The second highlight is the Appeal from the New to the Old Whigs, the pamphlet Burke wrote in the summer of 1791 to defend his conviction that the line he was taking over the French Revolution was in the true spirit of Whiggism, while the line taken by Fox and many other so-called Whigs — the “New Whigs” of his title — was a betrayal of their common political inheritance. Some of Burke’s friends found this pamphlet tepid in comparison with the Reflections on the Revolution in France. His disciple French Laurence thought it “a shade or so less rhetorically brilliant” than the Reflections. Horace Walpole regretted the absence of the “wit, similes, metaphors and allusions and eccentricities” of the earlier work. More sober than the Reflections the Appeal certainly is. But it is nevertheless an invaluable summary of the essence of Whiggism, from the hand of one incomparably qualified to deliver it, whether judged on the score of native intellectual power or on that of situation and advantage of experience. Those who wish to know what Whiggism was in the 18th century must read Burke’s Appeal.

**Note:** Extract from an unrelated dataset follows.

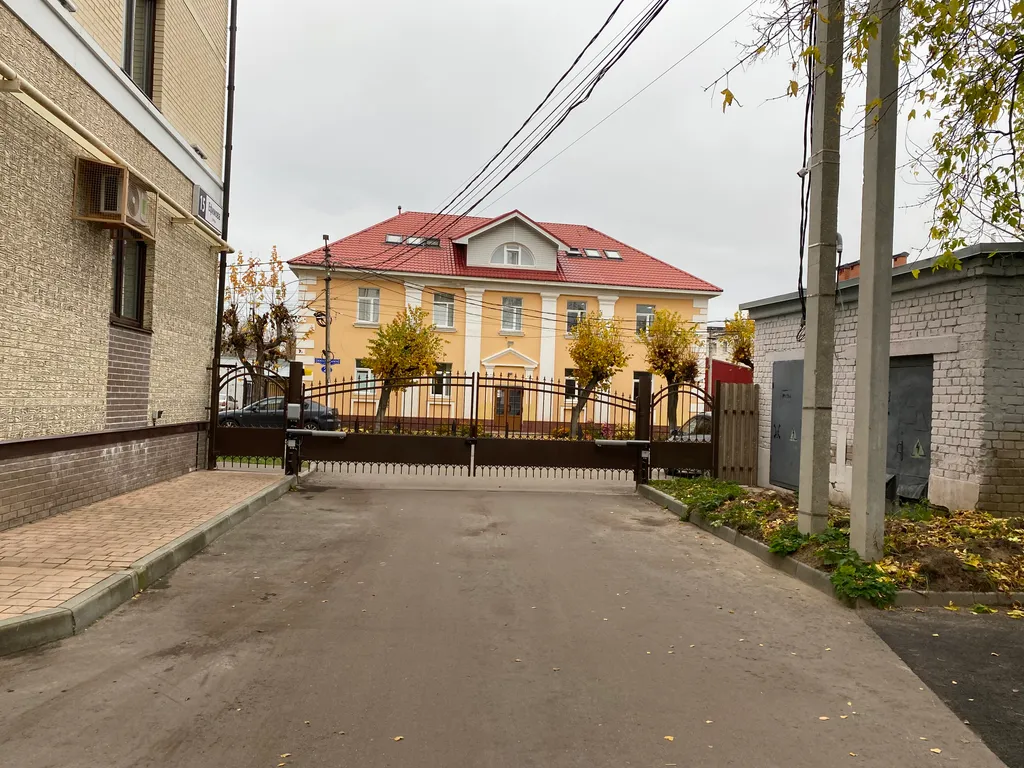 Большая квартира в новом доме, парковка в закрытом дворе, самый центр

As always when reading Burke, one is occasionally startled by penetrating formulations of nuggets of political and moral wisdom; and on this score this volume is no disappointment. How salutary it is, in these days of ever more frequent referendums on constitutional issues, to read: “Neither the few nor the many have a right to act merely by their will, in any matter connected with duty, trust, engagement, or obligation.” How the heart is lifted after another day of being nudged and badgered and harried in one’s private life by government and its ever more intrusive “advice” to read: “Men little think how immorally they act in rashly meddling with what they do not understand. Their delusive good intention is no sort of excuse for their presumption. They who truly mean well must be fearful of acting ill.” How pleasing to read this defence of monarchy, penned in the midst of the Regency debates of the late 1780s, but still devastating against the mushroom republicans of our own generation: “Great-Britain is governed by an hereditary Monarchy; it was so by the written and by the unwritten law; it was so by the very essence of our excellent, our at present matchless Constitution, and God forbid it should ever be otherwise. It was our own inheritance — it was our strong barrier, our strong rampart against the ambition of mankind! . . . it sheltered the subject from the tyranny of illegal tribunals, bloody proscriptions, and all the long train of evils attendant upon the distractions of ill-guided and unprincipled Republicks.”

The annotation in this final volume is more thorough and more helpful than was always the case with its predecessors, and P.J. Marshall’s lucid, balanced introduction distills a lifetime of study and reflection on Burke. We are living through a golden age of Burke scholarship, with notable contributions from David Bromwich and Richard Bourke, as well as a spirited biographical essay from Jesse Norman. The completion of the Clarendon edition should encourage yet further work on this great thinker, whose unflagging efforts to co-ordinate politics and morality continue to have a relevance to our present discontents.